A structured comparison
| Aspect | MoM | MLE | REML | Bayes |
|---|---|---|---|---|
| Point estimate of variance components | MS_A, MS_E solved | Maximise ℓ | Maximise ℓ_R | Posterior mean/median |
| Treatment of uncertainty | Approx / χ²-based | Fisher information | Information from ℓ_R | Full posterior |
| Interval interpretation | Confidence | Confidence | Confidence | Credible |
| Finite-sample bias (variance comps.) | Unbiased (balanced) | Downward biased | Reduced / unbiased (balanced) | Depends on prior |
| Distributional assumption | Moments only | Full likelihood | Full likelihood | Likelihood + prior |
| Computational cost | Trivial (closed form) | Low to moderate | Low to moderate | High (MCMC) |
| Compares models w/ different fixed effects? | N/A | Yes (LRT, AIC) | No (refit with ML) | Yes (Bayes factors / IC) |
| Uncertainty for functions of params (e.g. ICC) | Awkward (delta/Satterthwaite) | Delta method | Delta method | Exact from draws |
Frequentist versus Bayesian interpretation
The single most important distinction is what an interval means.
- A 95% confidence interval (MoM, MLE, REML) is a statement about the procedure: across hypothetical repetitions of the experiment, 95% of the intervals so constructed would contain the fixed, unknown \(\theta\). The interval is random; \(\theta\) is fixed. You may not say “there is a 95% probability \(\theta\) is in this interval.”

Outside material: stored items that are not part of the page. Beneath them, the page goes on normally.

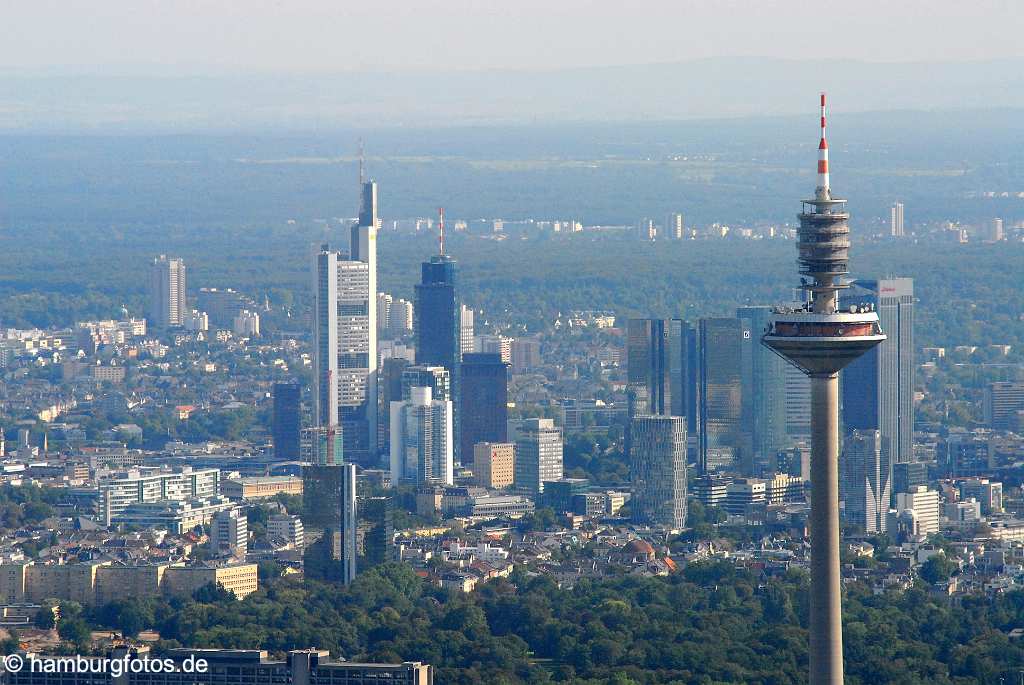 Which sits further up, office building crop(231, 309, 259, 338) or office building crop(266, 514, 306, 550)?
office building crop(231, 309, 259, 338)

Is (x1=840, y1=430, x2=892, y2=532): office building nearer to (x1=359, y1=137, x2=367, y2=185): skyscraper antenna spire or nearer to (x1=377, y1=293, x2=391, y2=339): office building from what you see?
(x1=377, y1=293, x2=391, y2=339): office building

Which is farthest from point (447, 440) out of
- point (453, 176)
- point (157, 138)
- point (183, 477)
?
point (157, 138)

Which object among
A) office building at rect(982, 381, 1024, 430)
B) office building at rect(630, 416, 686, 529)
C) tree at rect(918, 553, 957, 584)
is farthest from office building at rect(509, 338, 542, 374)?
tree at rect(918, 553, 957, 584)

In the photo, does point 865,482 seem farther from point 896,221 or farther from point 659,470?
point 896,221

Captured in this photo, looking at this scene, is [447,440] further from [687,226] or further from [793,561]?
[687,226]

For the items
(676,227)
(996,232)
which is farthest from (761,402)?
(676,227)

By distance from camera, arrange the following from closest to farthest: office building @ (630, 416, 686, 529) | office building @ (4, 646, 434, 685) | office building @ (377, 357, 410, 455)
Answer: office building @ (4, 646, 434, 685) < office building @ (630, 416, 686, 529) < office building @ (377, 357, 410, 455)

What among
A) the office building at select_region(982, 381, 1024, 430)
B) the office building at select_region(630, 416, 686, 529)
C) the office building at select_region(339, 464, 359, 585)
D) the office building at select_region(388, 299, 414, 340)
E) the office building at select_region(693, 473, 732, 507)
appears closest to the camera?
the office building at select_region(339, 464, 359, 585) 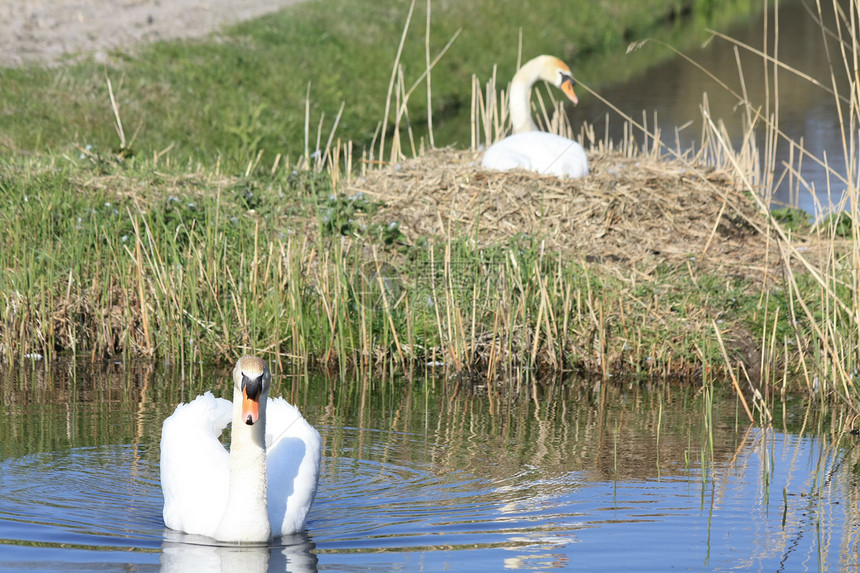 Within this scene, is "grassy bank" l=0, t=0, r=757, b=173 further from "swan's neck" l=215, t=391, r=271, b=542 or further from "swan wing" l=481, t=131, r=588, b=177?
"swan's neck" l=215, t=391, r=271, b=542

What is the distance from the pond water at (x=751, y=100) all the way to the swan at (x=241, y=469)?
8785mm

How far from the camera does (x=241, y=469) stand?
17.3 feet

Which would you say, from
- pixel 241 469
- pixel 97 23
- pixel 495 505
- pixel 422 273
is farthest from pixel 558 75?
pixel 97 23

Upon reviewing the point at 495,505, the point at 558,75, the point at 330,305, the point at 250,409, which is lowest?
the point at 495,505

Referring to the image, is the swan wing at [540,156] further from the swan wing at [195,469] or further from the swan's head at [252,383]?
the swan's head at [252,383]

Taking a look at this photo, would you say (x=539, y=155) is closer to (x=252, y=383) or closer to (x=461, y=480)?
(x=461, y=480)

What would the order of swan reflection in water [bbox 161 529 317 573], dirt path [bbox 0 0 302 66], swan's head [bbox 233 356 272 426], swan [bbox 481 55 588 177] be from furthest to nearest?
dirt path [bbox 0 0 302 66] → swan [bbox 481 55 588 177] → swan's head [bbox 233 356 272 426] → swan reflection in water [bbox 161 529 317 573]

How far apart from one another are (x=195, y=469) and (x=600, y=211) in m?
5.18

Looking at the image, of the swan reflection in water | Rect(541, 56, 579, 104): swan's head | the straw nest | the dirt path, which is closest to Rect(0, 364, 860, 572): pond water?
the swan reflection in water

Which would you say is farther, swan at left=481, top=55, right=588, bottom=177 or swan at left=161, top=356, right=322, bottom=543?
swan at left=481, top=55, right=588, bottom=177

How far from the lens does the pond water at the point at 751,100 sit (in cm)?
1658

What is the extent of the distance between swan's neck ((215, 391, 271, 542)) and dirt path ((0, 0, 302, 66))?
12.5 meters

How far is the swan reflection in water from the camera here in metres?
4.97

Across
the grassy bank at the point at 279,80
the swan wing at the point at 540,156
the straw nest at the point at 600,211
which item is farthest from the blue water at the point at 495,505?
the grassy bank at the point at 279,80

- A 95% credible interval (Bayes) is a statement about the parameter: given this data, prior, and model, there is a 95% posterior probability that \(\theta\) lies in the interval. \(\theta\) is random; the interval is fixed once data are observed. This is the statement people wish a confidence interval made, and only the Bayesian framework licenses it.

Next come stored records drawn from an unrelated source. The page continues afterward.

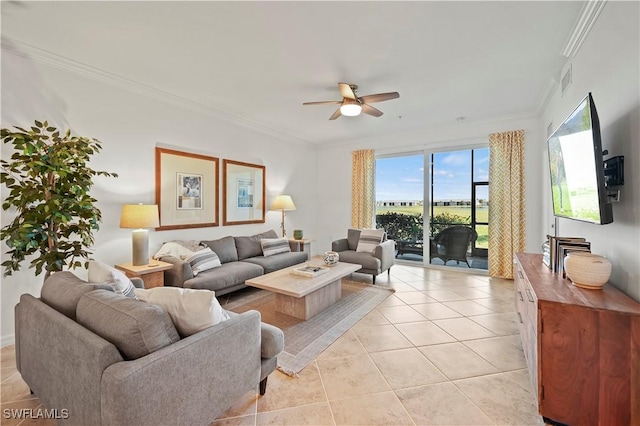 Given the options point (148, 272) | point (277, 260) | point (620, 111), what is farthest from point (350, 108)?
point (148, 272)

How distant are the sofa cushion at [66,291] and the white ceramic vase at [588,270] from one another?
9.37 ft

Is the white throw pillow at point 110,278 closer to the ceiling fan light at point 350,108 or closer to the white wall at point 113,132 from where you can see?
the white wall at point 113,132

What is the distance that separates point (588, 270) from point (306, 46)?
2713 mm

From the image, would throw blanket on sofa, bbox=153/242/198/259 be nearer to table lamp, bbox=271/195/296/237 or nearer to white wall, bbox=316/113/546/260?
table lamp, bbox=271/195/296/237

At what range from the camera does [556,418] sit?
1524 mm

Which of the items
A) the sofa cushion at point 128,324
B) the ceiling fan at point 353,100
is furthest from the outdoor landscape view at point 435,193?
the sofa cushion at point 128,324

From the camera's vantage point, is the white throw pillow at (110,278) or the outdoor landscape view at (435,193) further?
the outdoor landscape view at (435,193)

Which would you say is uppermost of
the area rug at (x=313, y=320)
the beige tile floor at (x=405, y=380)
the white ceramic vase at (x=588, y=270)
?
the white ceramic vase at (x=588, y=270)

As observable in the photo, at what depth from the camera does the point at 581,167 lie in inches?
74.7

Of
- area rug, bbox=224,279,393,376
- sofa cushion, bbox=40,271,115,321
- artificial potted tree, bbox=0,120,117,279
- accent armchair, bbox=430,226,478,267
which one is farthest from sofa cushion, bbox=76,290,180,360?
accent armchair, bbox=430,226,478,267

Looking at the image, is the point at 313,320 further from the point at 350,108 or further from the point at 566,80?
the point at 566,80

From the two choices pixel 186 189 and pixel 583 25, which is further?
pixel 186 189

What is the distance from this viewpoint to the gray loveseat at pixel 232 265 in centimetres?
316

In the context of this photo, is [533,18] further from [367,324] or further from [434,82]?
[367,324] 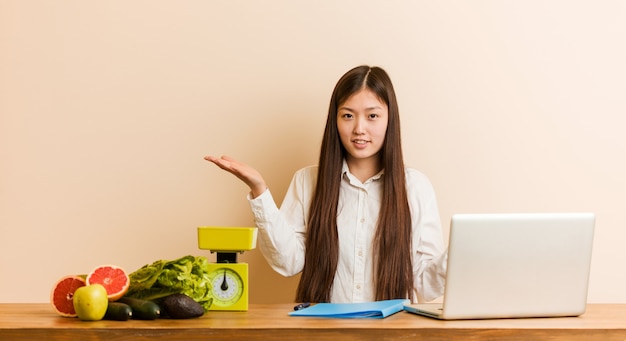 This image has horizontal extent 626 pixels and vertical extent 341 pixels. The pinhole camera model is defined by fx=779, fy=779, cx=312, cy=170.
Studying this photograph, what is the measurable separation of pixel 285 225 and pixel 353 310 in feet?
2.59

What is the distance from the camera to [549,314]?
2.13 meters

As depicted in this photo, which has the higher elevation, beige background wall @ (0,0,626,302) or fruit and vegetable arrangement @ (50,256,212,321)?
beige background wall @ (0,0,626,302)

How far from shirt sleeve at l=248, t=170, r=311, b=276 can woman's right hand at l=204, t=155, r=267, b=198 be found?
3 centimetres

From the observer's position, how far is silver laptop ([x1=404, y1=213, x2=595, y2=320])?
6.68 ft

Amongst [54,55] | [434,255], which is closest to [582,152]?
[434,255]

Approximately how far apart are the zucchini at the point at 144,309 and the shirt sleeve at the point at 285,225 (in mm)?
711

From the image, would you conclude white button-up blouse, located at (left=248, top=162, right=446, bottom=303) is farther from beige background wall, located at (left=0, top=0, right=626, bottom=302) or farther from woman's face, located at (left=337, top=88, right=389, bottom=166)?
beige background wall, located at (left=0, top=0, right=626, bottom=302)

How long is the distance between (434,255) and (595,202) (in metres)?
0.87

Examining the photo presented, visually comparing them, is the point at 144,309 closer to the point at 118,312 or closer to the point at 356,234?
the point at 118,312

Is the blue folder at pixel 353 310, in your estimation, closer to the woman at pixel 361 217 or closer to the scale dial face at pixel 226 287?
the scale dial face at pixel 226 287

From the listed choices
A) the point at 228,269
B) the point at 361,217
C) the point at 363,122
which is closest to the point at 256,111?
the point at 363,122

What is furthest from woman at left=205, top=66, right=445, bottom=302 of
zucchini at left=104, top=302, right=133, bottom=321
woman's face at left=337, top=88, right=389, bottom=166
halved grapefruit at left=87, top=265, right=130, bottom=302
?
zucchini at left=104, top=302, right=133, bottom=321

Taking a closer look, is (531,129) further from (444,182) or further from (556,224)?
(556,224)

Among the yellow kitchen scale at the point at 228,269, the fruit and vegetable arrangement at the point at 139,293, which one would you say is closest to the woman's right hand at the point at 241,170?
the yellow kitchen scale at the point at 228,269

These often look numerically similar (compare the bars in @fig-forest), but they answer different questions, and they can diverge sharply with small samples, strong priors, or near a boundary like \(\sigma_a^2 = 0\).
Which method, when?
- Method of Moments: when you need a fast answer, a starting value for an iterative fit, or you are unwilling to assume a full distribution (the GMM spirit). Excellent for balanced designs.
- Maximum Likelihood: your default for point estimation and testing, especially when you must compare models with different fixed effects (LRTs, AIC) or when the sample is large enough that finite-sample variance bias is negligible.
- REML: the standard for variance components and mixed models whenever unbiased variance estimates matter and the fixed-effects structure is settled; prefer it over ML for the final variance estimates, but switch back to ML to compare fixed-effects specifications.
- Bayesian: when the sample is small or the model deeply hierarchical, when you have genuine prior information, when you need exact uncertainty for derived quantities (predictions, ICCs, ratios), or when full uncertainty propagation into a downstream decision is the goal.
The takeaway
All four methods answer the same question, “what parameter values fit this data?”, and they differ only in how they ask it. On our balanced design that difference collapsed to a single arithmetic choice: dividing the between-group sum of squares by \(g\) (ML) or by \(g-1\) (MoM, REML, and effectively the Bayesian posterior). They agreed where the problem is easy, on \(\mu\) and \(\sigma_e^2\), and disagreed exactly where a degree of freedom and the prior have something to say, on \(\sigma_a^2\). Knowing why they disagree is what lets you read any of these outputs with confidence.